DATA SUPPLIED:
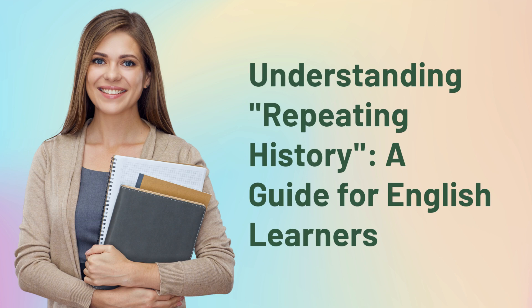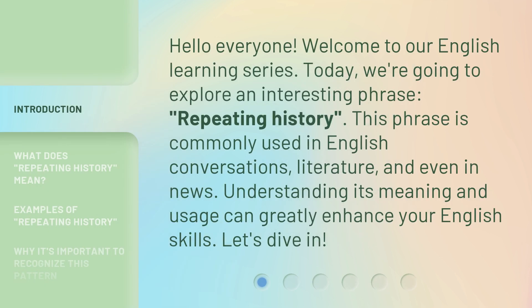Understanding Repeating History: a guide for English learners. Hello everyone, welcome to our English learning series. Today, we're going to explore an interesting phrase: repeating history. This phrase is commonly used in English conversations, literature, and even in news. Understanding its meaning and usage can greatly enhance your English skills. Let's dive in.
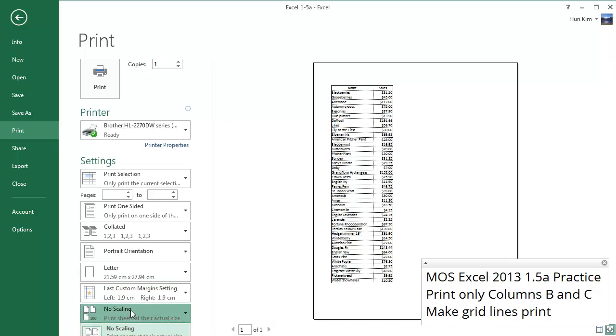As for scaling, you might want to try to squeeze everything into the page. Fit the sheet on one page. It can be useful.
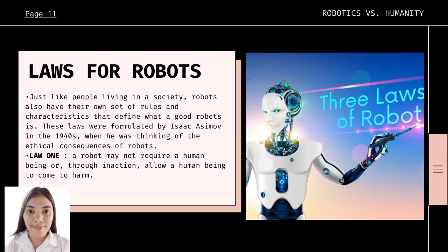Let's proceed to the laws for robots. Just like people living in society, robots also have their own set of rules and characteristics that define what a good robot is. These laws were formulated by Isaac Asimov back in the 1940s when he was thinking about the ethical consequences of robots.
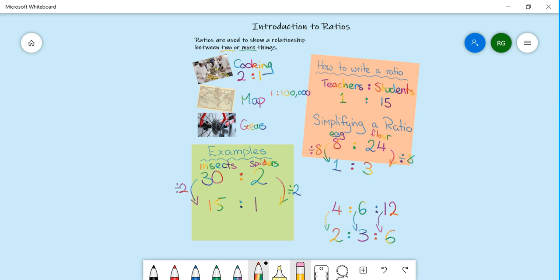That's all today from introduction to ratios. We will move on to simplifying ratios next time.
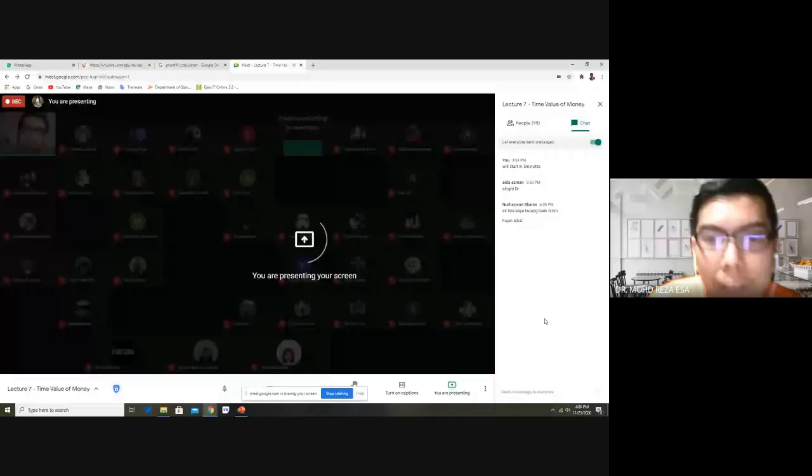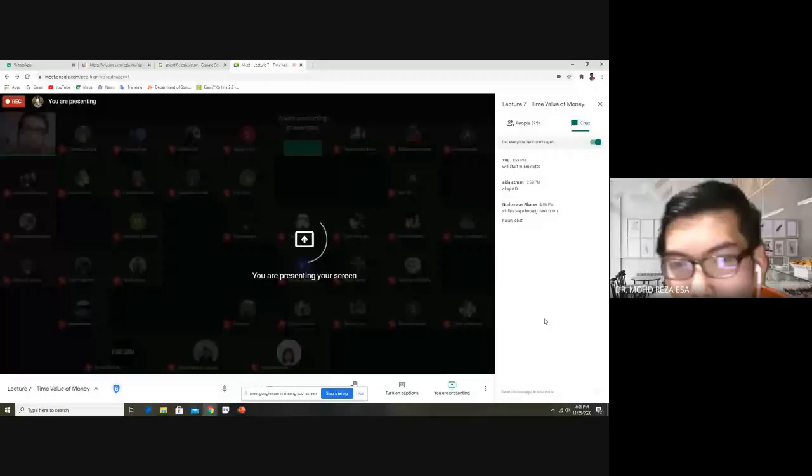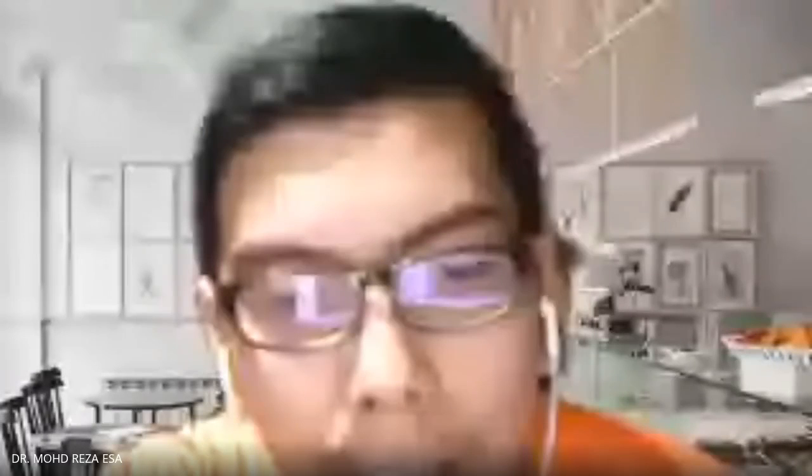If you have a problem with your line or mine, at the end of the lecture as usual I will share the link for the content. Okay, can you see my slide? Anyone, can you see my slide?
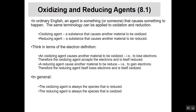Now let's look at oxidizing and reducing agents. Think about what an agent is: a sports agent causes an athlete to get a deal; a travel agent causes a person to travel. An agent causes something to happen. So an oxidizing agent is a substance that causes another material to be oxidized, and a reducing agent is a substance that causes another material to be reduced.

---

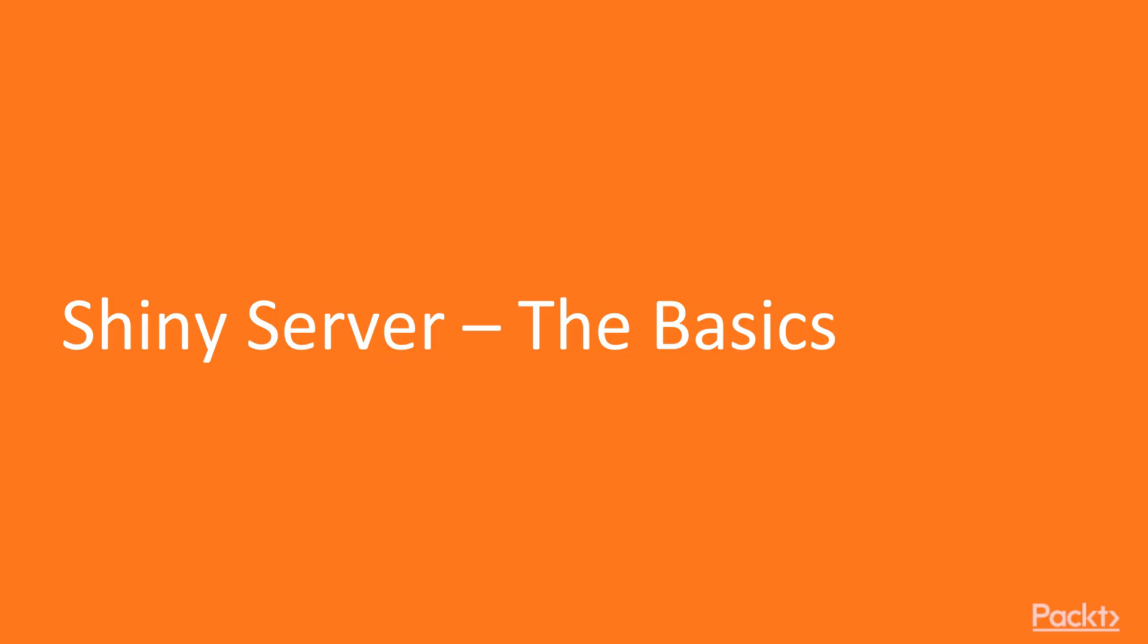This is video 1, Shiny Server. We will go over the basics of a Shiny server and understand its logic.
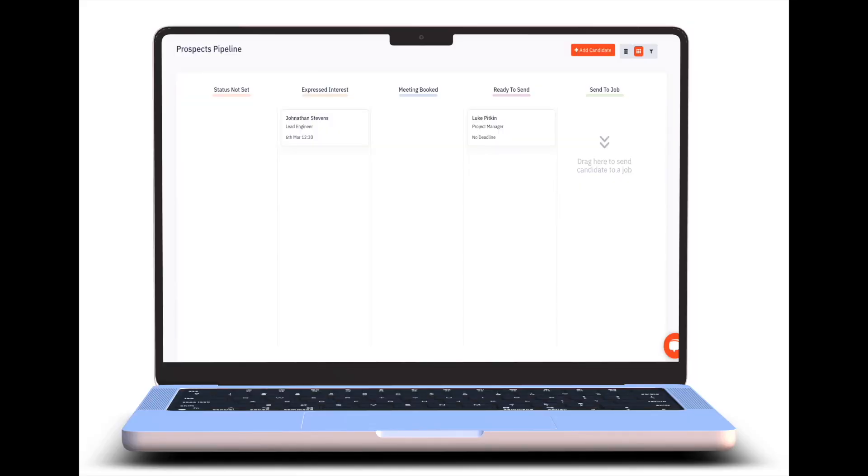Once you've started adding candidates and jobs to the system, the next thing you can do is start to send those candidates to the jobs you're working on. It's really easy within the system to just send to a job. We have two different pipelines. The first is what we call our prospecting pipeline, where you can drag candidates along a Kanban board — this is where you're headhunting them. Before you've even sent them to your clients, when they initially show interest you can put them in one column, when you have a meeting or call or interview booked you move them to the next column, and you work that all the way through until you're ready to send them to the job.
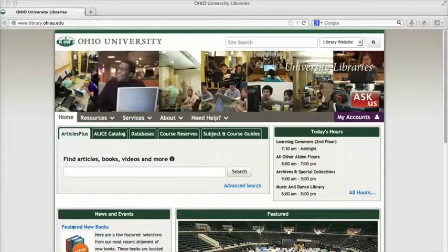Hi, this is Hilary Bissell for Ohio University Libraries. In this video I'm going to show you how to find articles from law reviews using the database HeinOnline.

DIRECTIONS:
Above are the records. Copy only the lines from the one with "If you have" through the one with "Now let's look", exactly, with no pictures.

SOLUTION:
If you have a problem with your line or mine, at the end of the lecture as usual I will share the link for the content. Okay, can you see my slide? Anyone, can you see my slide?
Now let's look at oxidizing and reducing agents. Think about what an agent is: a sports agent causes an athlete to get a deal; a travel agent causes a person to travel. An agent causes something to happen. So an oxidizing agent is a substance that causes another material to be oxidized, and a reducing agent is a substance that causes another material to be reduced.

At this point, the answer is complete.